On Saturday I posted Hacking the Free Market. You may have noticed the “deep-thoughts” tag I attached… that’s just a catch-all tag I use to warn readers that I’m headed off-topic in some kind of meandering way. In this post, I want to follow along with that post, but bring the discussion back to the topic of automation and engineering.

To summarize my previous post:

  • We haven’t solved the problem of how to manage global resources like the atmosphere and the oceans
  • The market isn’t factoring in the risk of future problems into the cost of the products we derive from these resources
  • I can’t think of a solution

Just to put some background around it, I wrote that post after reading an article titled “Engineers: It’s Time to Work Together and Save the World” by Joshua M. Pearce, PhD, in the March/April 2011 issue of Engineering Dimensions. In the article, Dr. Pearce is asking all of Ontario’s engineers to give up one to four hours of their spare time every week to tackle the problem of climate change in small ways. His example is to retrofit the pop machines in your office with microcontrollers hooked to motion sensors that will turn off the lights and turn off the compressor at times when nobody is around. He offers spreadsheets on his website which let you calculate if there’s a payback.
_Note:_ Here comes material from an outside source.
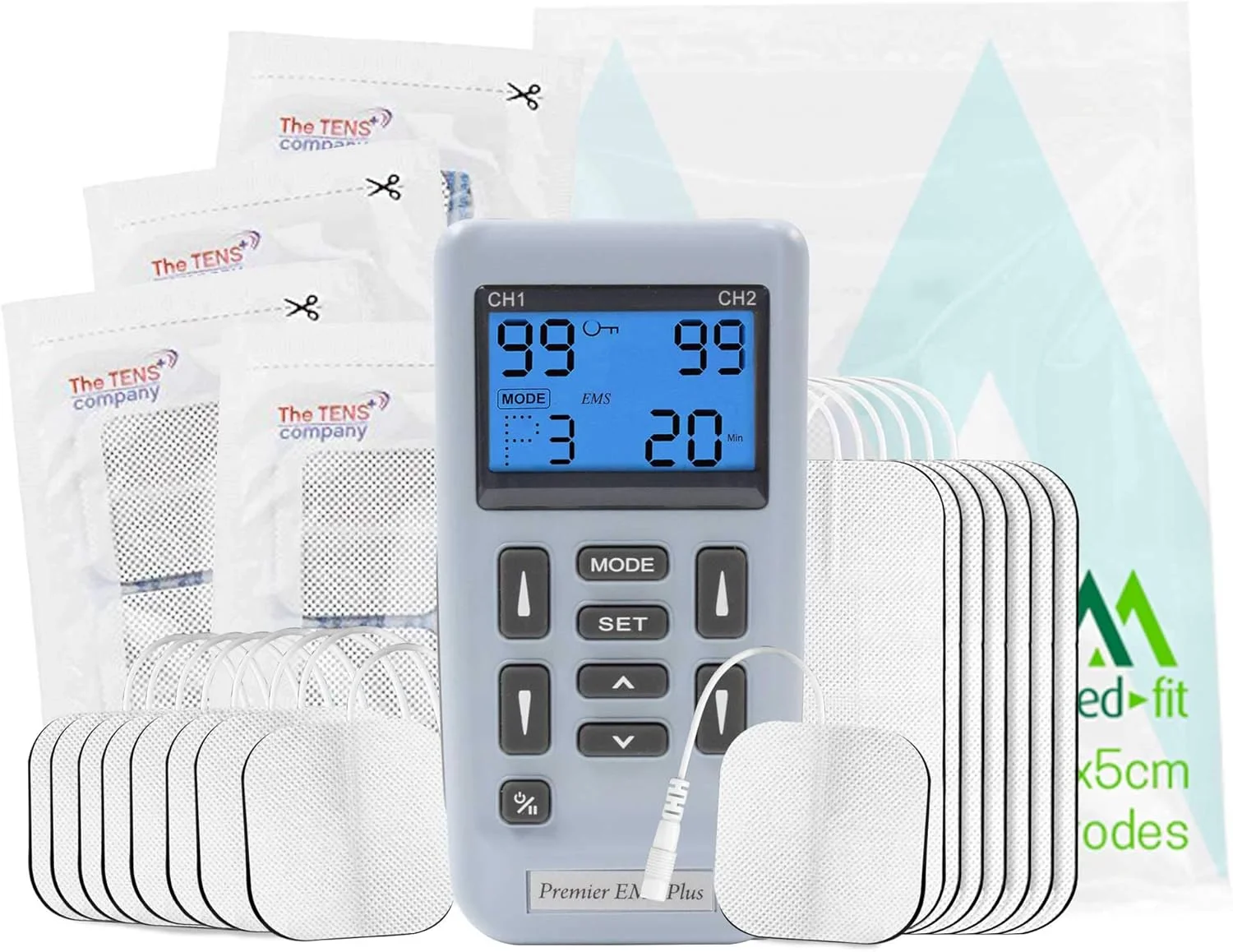 دستگاه تحریک کننده عضلات ورزشی دیجیتال (EM6300A) Med-Fit EMS به همراه 12 برنامه تسکین درد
Now I’m not an economist, but I’m pretty sure that not only would this not help the problem of dwindling resources, but unless we also start factoring the future cost of fossil fuel usage into the cost of the energy, these actions that Dr. Pearce is suggesting will make the situation worse. When we use technology to utilize a resource more efficiently, we increase the demand for that resource. This is a fundamental principle.

I’m not saying it isn’t a good thing to do. It’s a great thing to do for the economy. Finding more efficient ways to utilize resources is what drives the expansion of the economy, but it’s also driving more demand for our resources. The fact that we’re mass marketing energy conservation as the solution to our resource problems is a blatant lie, and yet it’s a lie I hear more and more.
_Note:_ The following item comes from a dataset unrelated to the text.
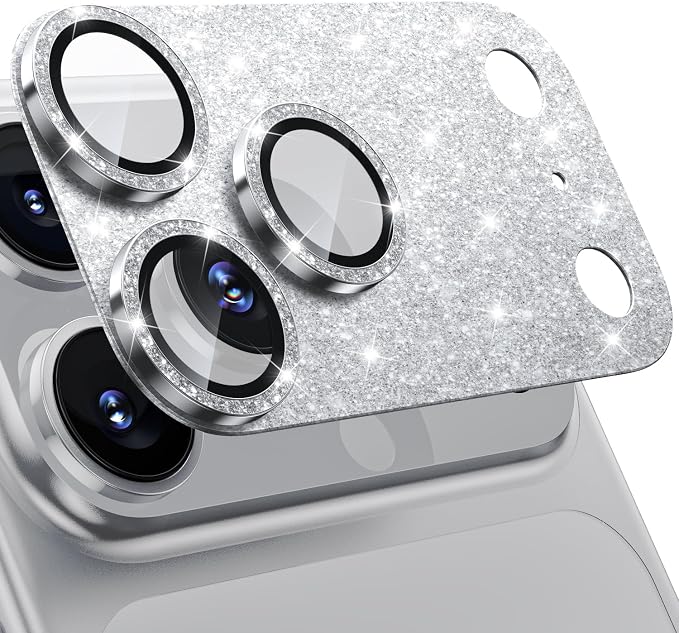 WSKEN for iPhone 17 Pro Camera Lens Protector, [Military Grade Shatterproof] [Strong Adhesion] Metal Aluminum Alloy Tempered Glass Camera Screen Protector，Glitter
That’s where I was at when I wrote the previous article. “How can I, a Professional Engineer and Automation Enthusiast, do something that can make a real difference for our global resource problems?”

I’m afraid the answer I’ve come up with is, “nothing”. My entire job, my entire career, and all of my training… indeed my entire psychology… is driven towards optimizing systems. I make machines that transform raw materials into finished products, and I make them faster, more efficient, and more powerful. I don’t know who is going to solve our global resource problems, but I don’t think it’s going to be someone in my line of work. It’s like asking a fish to climb Mt. Everest.

I think the solution lies somewhere in the hands of politicians, lawyers, and voters. We do a so-so job of managing resources on a national scale, but we’d better extend that knowledge to a global scale, and do it quick. There might even be technical solutions that will help, but I think these will come from the fields of biotechnology, nanotechnology, and material science, not automation.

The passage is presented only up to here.